The Kitchen Garden has really come into its own this year, the enriched soil has given rise to healthy corn-on-the-cob, rows of runner beans, globe artichokes, salsify, Welsh onions, courgettes, broad beans, Florence fennel, carrots, beetroot, sweet pea and a variety of herbs, one of which is Hyssop officinales. Hyssop is a strong-flavoured aromatic herb from the Mediterranean region, similar to rosemary or lavender, both the flowers and leaves are edible, you can use it like other fresh delicate herbs in salads, pastas, stews, fruit dishes and summer soups. Hyssop makes excellent honey: bees are attracted to its beautiful blue flowers. This garden has an array of colour with flowers such as: Sunflowers, Forget-me-not, Sweet Woodruff (Galium odoratum), Calendula, French Marigold and Primroses.
In the Ornamental fruit garden, the gooseberries and the fanned peach trees (Peach ‘Peregrine’) are the first to show their crop of young fruit. In the canopy above, the apple, and pear trees have are covered in blossoms. Rhubarb is being harvested from this garden, along with Sweet Cecily and Wild Garlic (Ramsons). The yellow and white blossoms of the Poached egg Plant (Limanthes douglasii) are an excellent companion plant, they attract bees and hoverflies in their dozens, the plants provide a rich supply of nectar that will bring these natural predators of pests and pollinators into the garden. Hoverflies are especially useful as they eat aphids and black fly. Here also, the strawberry plants are in flower. Calendula officinalis (pot Marigold) has been planted out, having been raised from seed in the glasshouses, they also act as an excellent companion plant, by repelling the aphids with their strong scent and attracting the pollinators.

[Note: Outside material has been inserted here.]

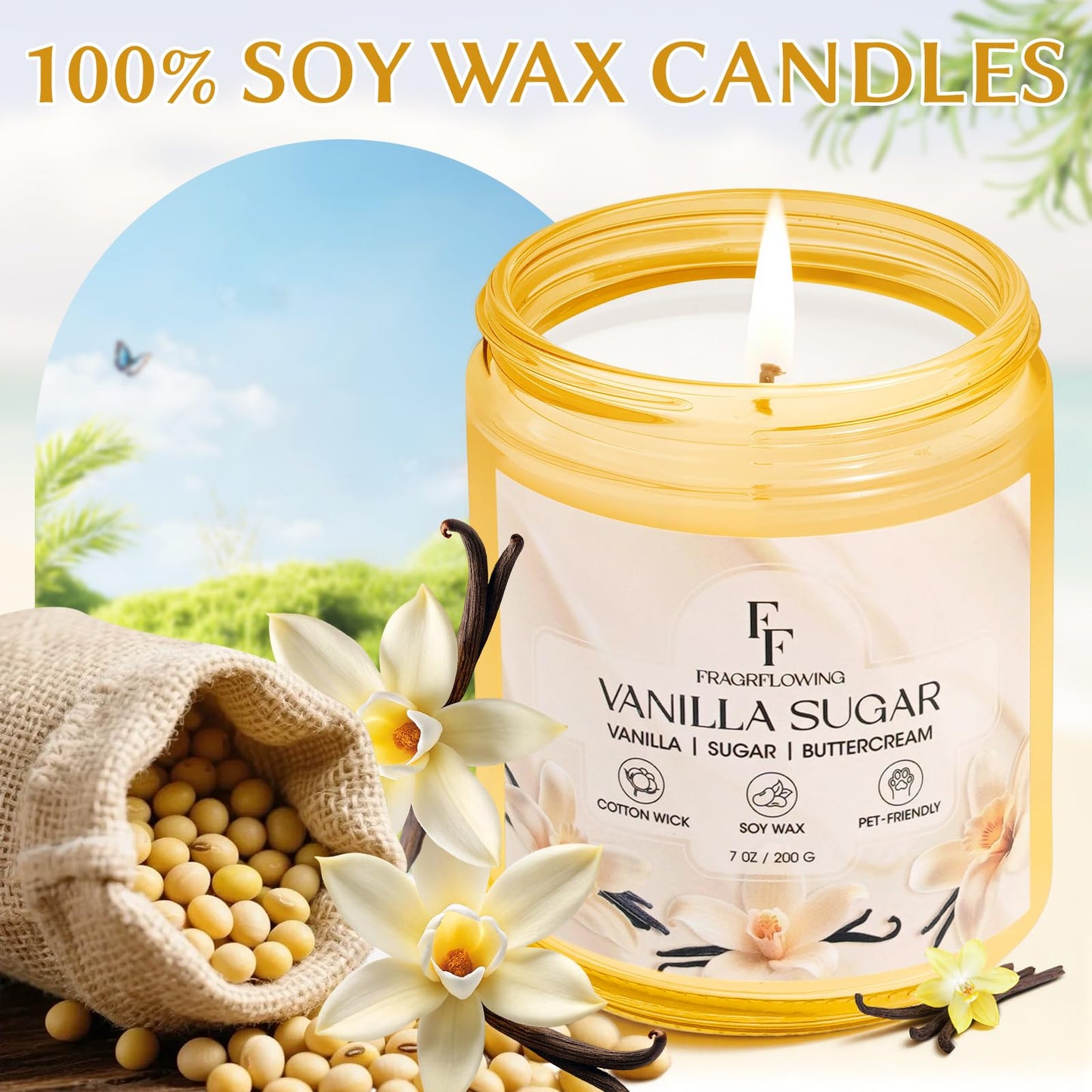 Vanilla Sugar Scented Candle, Natural Soy Wax Jar Candle for Home Scented, 100-Hour Burn Time Gifts for Women Men, 7 oz (2 Pack)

The Herb Garden is by now producing lots of different herbs, Sweet Cecily is in flower and the leaves and flowers are used in the cooking of rhubarb and gooseberries, by reducing the tartness. The name means 'smelling of myrrh', but Sweet Cicely is renowned for its aniseed taste and is a valuable sweetener, especially useful for diabetics. Fern like foliage emerges early in spring and dies back in late autumn and smells of aniseed when crushed. Umbels of tiny white nectar rich blooms are loved by bees and butterflies. Other herbs such as thyme, parsley, salad burnet, tarragon, garlic chives, chervil lemon balm, chives, bronze fennel, sage, rosemary, lavender, varieties of mint, horseradish, lovage, wormwood (Artemisia absinthium) and red dandelion greens (Italico rosso) are harvested daily.

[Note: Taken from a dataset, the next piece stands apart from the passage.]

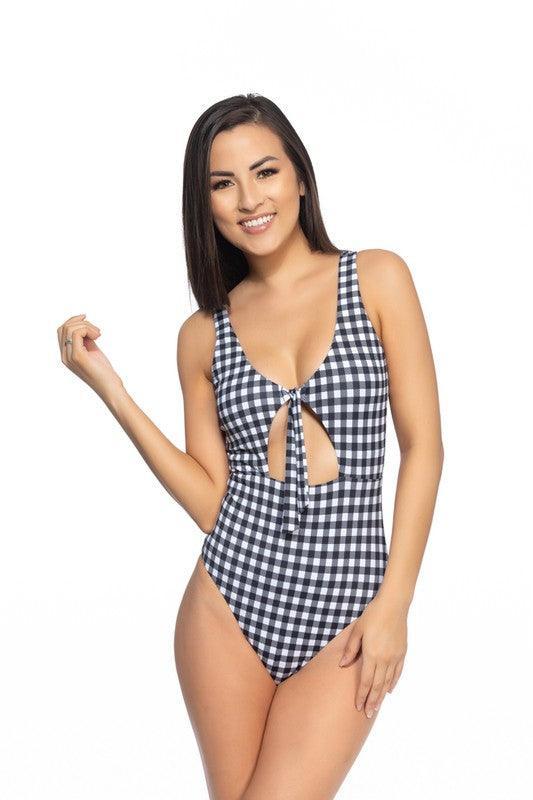 Beach Joy Bikini Black Gingham One Piece - SwagglyLife Home & Fashion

The Cornus kousa tree is spectacular in the Old Pleasure Garden with its tight clusters of small white flowers surrounded by four large oval cream bracts. In flower at this time of the year also is the Crinodendron hookerianum (Chile Lantern tree), Viburnum plicatum ‘Mariesii’(tiered like a wedding cake) and the Snakebark maple (Acer capillipes) with it’s drooping racemes and it’s attractive bark. At the pond, the crimson Primula candelabra make a welcome splash of colour, since the cherry blossom has finished flowering. Some of the Magnolias are still showing their magnificent blossoms.

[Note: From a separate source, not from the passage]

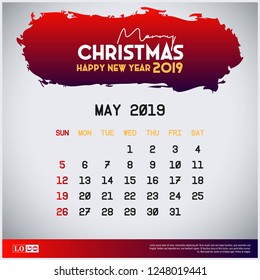 2019 May Calendar Template. merry Christmas and Happy new year Red Header background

The Glasshouses are full by now; bays are filled with different varieties of heritage tomatoes (e.g. ‘Casady’s Folly’ ‘Clementine’, and ‘Costoluto Fiorentino’), Broad Beans var. ‘Hangdown’ and ‘Witkiem’, French beans, var. ‘Cobra’ and ‘Neckar Gold’, sweet peppers, salad greens (successional sowings every two weeks), cucumber var. ‘Styx’ and miniature cucumbers, var. ‘Picolino’, courgettes var. ‘Cocozelle’, peas (var. Ambassador), potatoes, beetroot, sweet corn, radishes, var. ‘French Breakfast’, and carrots, var.’Napoli’. The leeks raised in the leek bed are almost ready for planting out. New potatoes, Colleen and Casablanca are being harvested, and potatoes planted in March will be ready in a month or so. More tomato seed has been sown this month for a later harvest of tomatoes. Fruit trees, such as peach, nectarine, apricot, fig and almond are already bearing young fruit. Weeding is part of the daily routine at this time of year. The gardeners keep on top of the new weed growth with the use of the oscillating hoes and the flame burner.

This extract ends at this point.